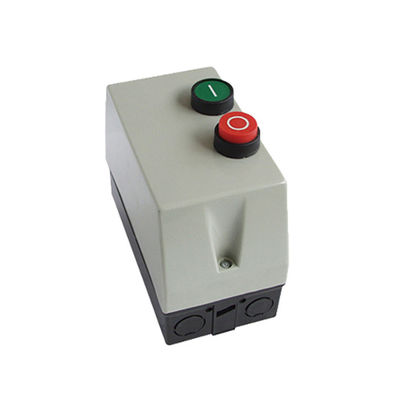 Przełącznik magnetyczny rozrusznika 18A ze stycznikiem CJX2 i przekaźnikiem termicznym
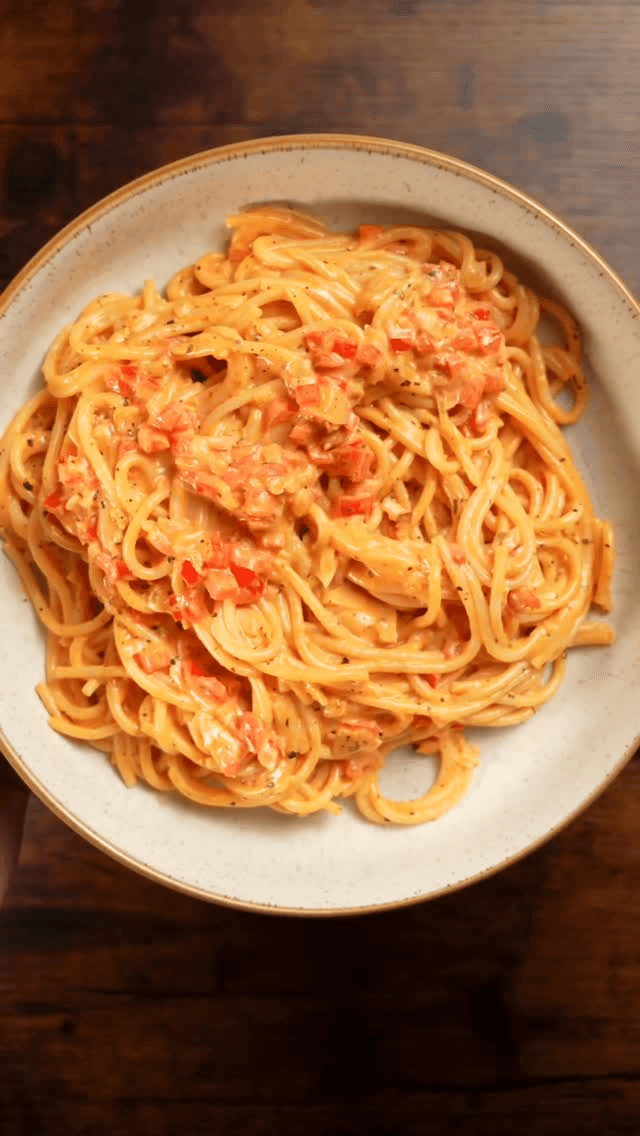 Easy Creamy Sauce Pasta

————————

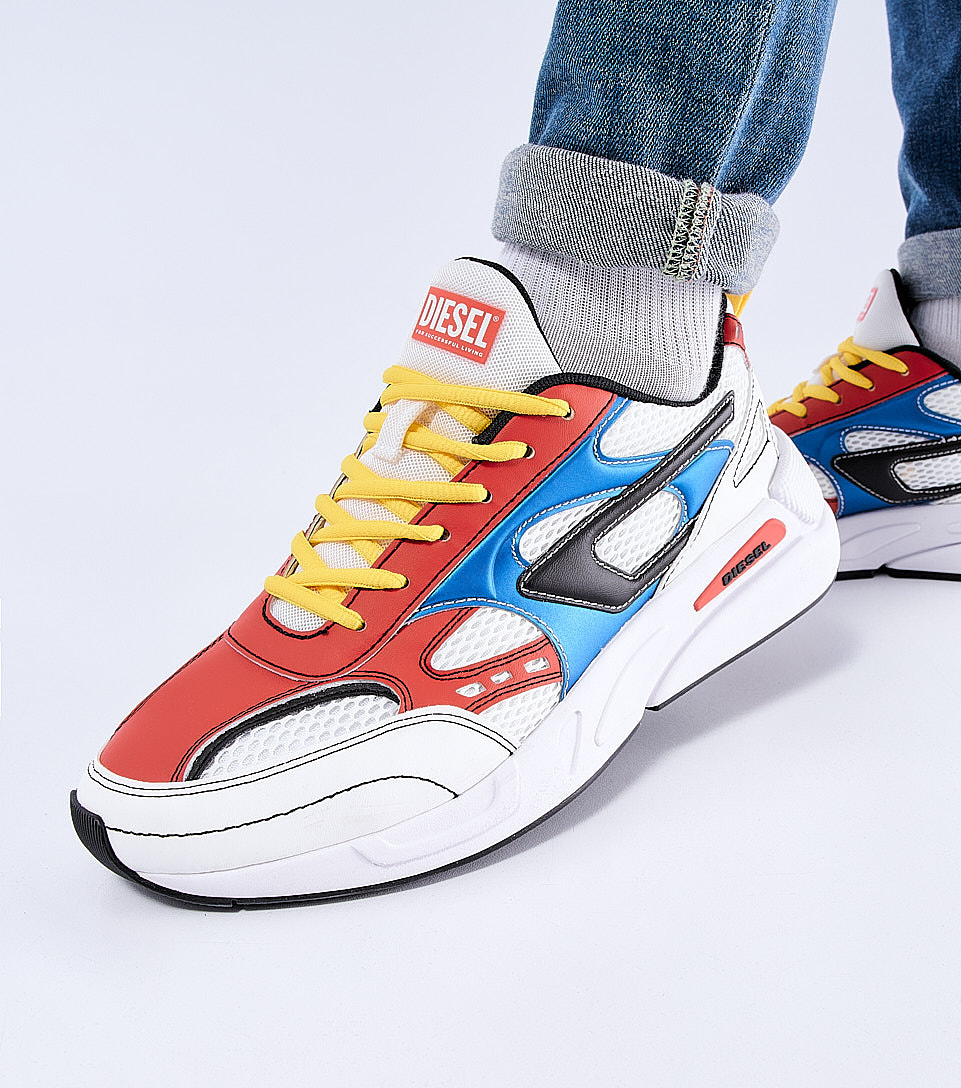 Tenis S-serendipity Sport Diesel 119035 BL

————————

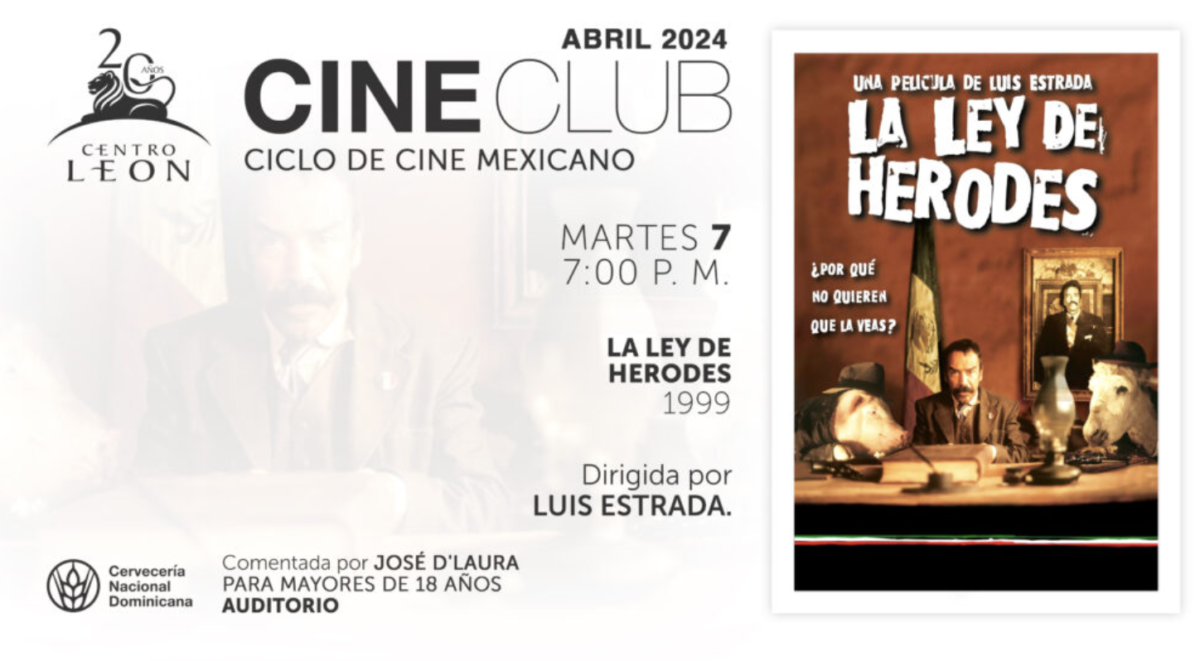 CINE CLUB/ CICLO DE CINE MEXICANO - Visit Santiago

————————

▶ _Task directions_
Print, exactly and with no pictures, the lines of the listing above starting at the one that has "Przełącznik magnetyczny rozrusznika" and ending at the one that has "Easy Creamy Sauce Pasta", both included.

▶ _Answer for the task_
 Przełącznik magnetyczny rozrusznika 18A ze stycznikiem CJX2 i przekaźnikiem termicznym
 Easy Creamy Sauce Pasta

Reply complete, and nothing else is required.